In order to earn some money and out of an "excruciating need for the sun" David began to write articles about Mediterranean cuisine. Her first work appeared in Harper's Bazaar magazine in 1949 . From the beginning she refused to sell the rights to her texts. This enabled her to collect the articles and publish them in an edited form as a book. Even before all the articles were published, she had compiled the contributions to a manuscript entitled A Book of Mediterranean Food and offered them to various publishers, all of whom however declined. One of them told her that a collection of loose recipes needed a connecting text. David took this advice, but being aware of her lack of writing experience, she kept the transitions short and quoted extensively well-established authors whose views on the Mediterranean region she gave more weight. In the book edition, the individual sections are linked by longer excerpts from works by Norman Douglas, Lawrence Durrell , Gertrude Stein , DH Lawrence , Osbert Sitwell , Compton Mackenzie , Arnold Bennett , Henry James and Théophile Gautier . She sent the revised version to John Lehmann , who, while having more to do with poetry than cooking, accepted the manuscript and was willing to pay £ 100 in advance. A Book of Mediterranean Food was published in 1950.
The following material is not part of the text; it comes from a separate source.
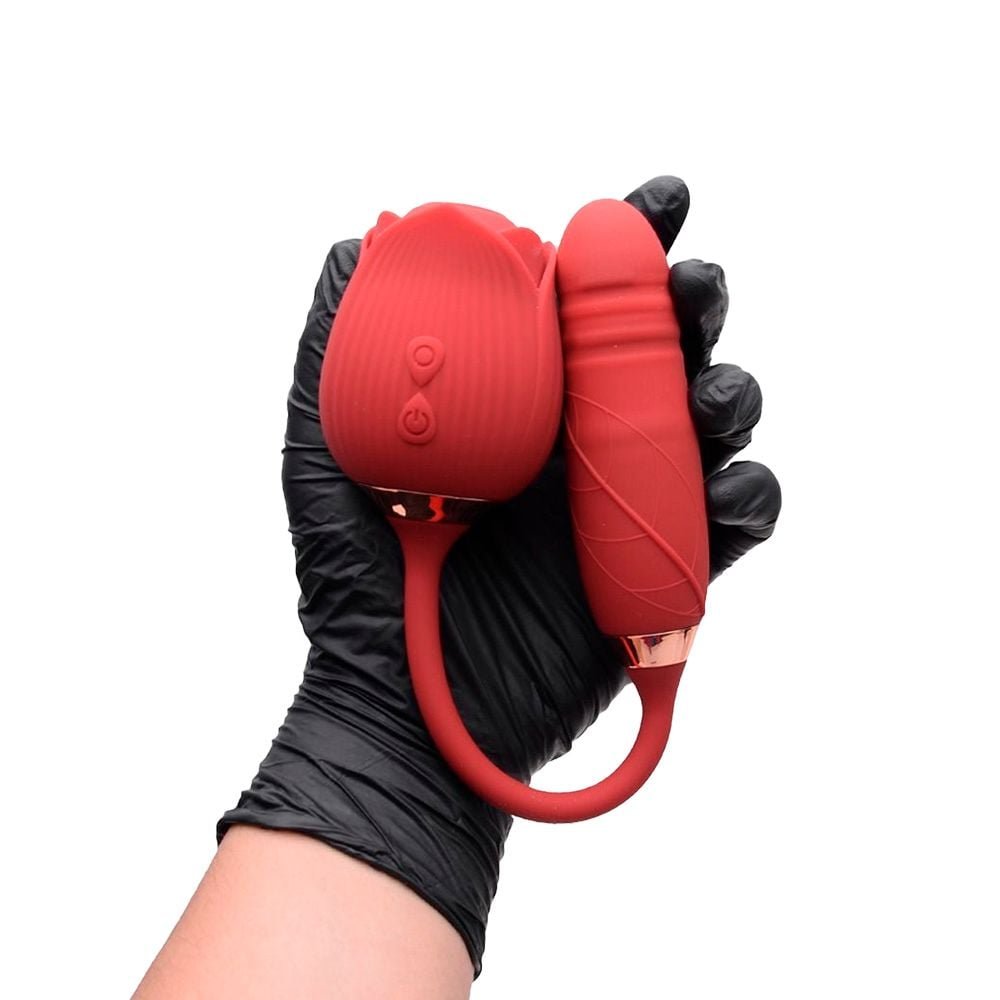 Vibrador Ponto G Clitóris Vai Vem Rosa Sexy Import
When the book sold well, Lehmann commissioned a sequel, again with illustrations by John Minton. This is how French Country Cooking came about .

With the income from commissioned articles for various magazines after the success of her first book and an advance payment for her second book, she was able to afford an extensive trip through France before completing the second book. That was her last, and not very successful, vacation with her husband. Once French country cooking was done, David decided to stay in France for some time, leaving her husband in London. She spent a cold spring and a warm summer in Provence. Part of the material for her fourth book, Summer Cooking, dates from this time . Work on this book was postponed after David and Lehmann agreed that their next book should be about Italian cuisine.

Italian, French and other cuisines

David had only been there once since the short and unpleasant time in Italy with Charles Gibson-Cowan in 1940, when she visited Norman Douglas in 1951 on Capri. She went to Italy in March 1952 and spent almost a year traveling around different regions and collecting material. By the time she finished the book, Lehmann Verlag had been dissolved by the parent company and David was involuntarily under contract with Macdonald, another publisher within the group. She hated this publisher, which is why she drew an extremely unflattering portrait of this house in a 1985 article.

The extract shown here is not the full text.